He was a young man with an eager soul,
and his work in Apple Blossom Court and places like
it had torn him many ways. Religious conventions
established through centuries of custom had not prepared
him for life among the submerged. He had struggled
and been appalled, he had wrestled in prayer and felt
himself unanswered, and in repentance of the feeling
had scourged himself with thorns. Miss Montaubyn,
returning from the hospital, had filled him at first
with horror and protest.
“But who knows—who
knows?” he said to Dart, as they stood and talked
together afterward, “Faith as a little child.

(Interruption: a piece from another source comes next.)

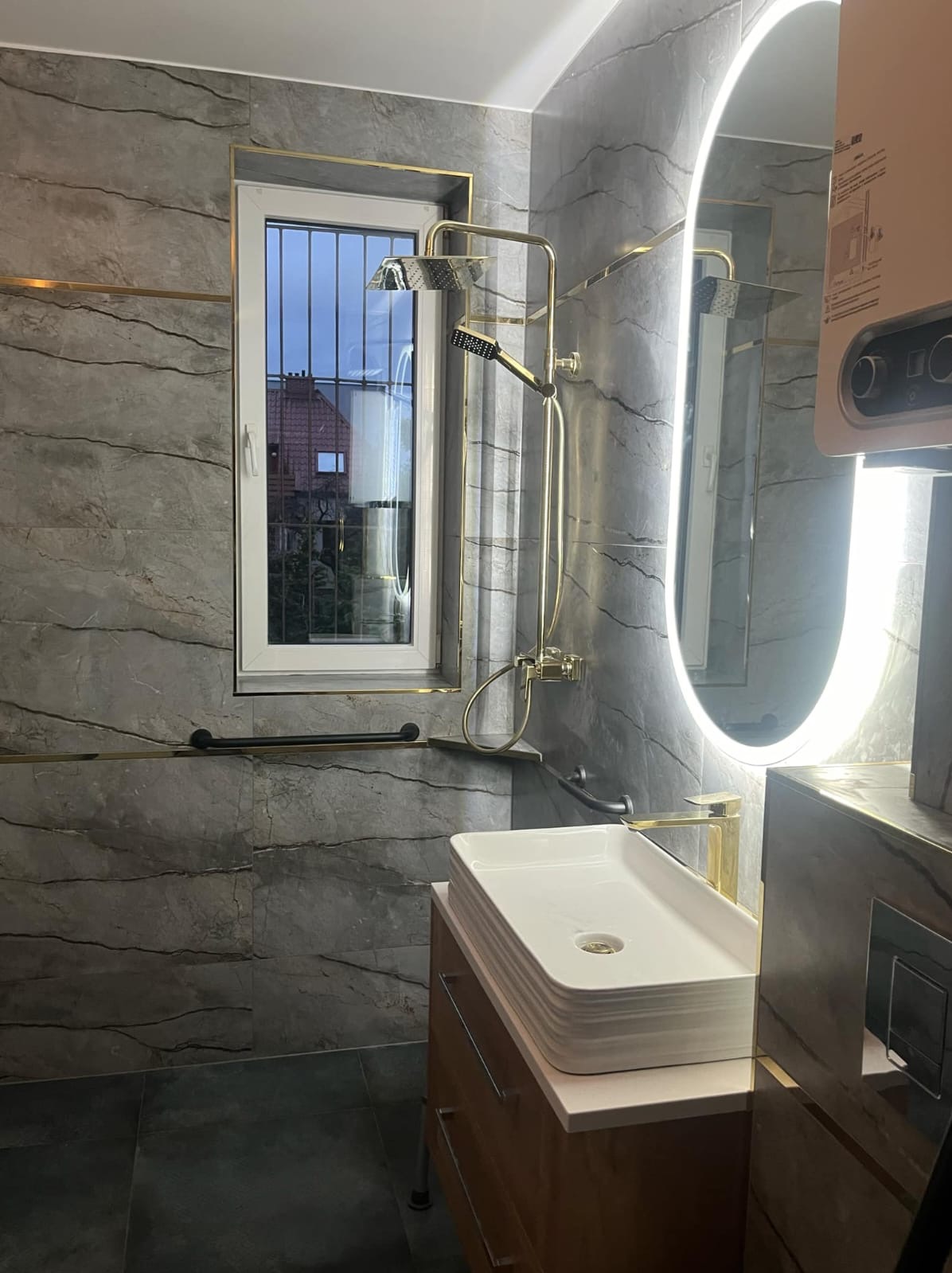 Wykończona łazienka z szarymi płytkami imitującymi marmur, złotymi akcentami, owalnym lustrem z podświetleniem LED oraz białą, prostokątną umywalką na drewnianej szafce.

That is literally hers. And I was shocked by
it—and tried to destroy it, until I suddenly
saw what I was doing. I was—in my
cloddish egotism—trying to show her that
she was irreverent because she could believe what
in my soul I do not, though I dare not admit so much
even to myself. She took from some strange passing
visitor to her tortured bedside what was to her a
revelation. She heard it first as a child hears
a story of magic. When she came out of the hospital,
she told it as if it was one. I—I—”
he bit his lips and moistened them, “argued
with her and reproached her. Christ the Merciful,
forgive me! She sat in her squalid little room
with her magic—sometimes in the dark—sometimes
without fire, and she clung to it, and loved it and
asked it to help her, as a child asks its father for
bread. When she was answered—and God
forgive me again for doubting that the simple good
that came to her was an answer—when
any small help came to her, she was a radiant thing,
and without a shadow of doubt in her eyes told me
of it as proof—proof that she had been heard.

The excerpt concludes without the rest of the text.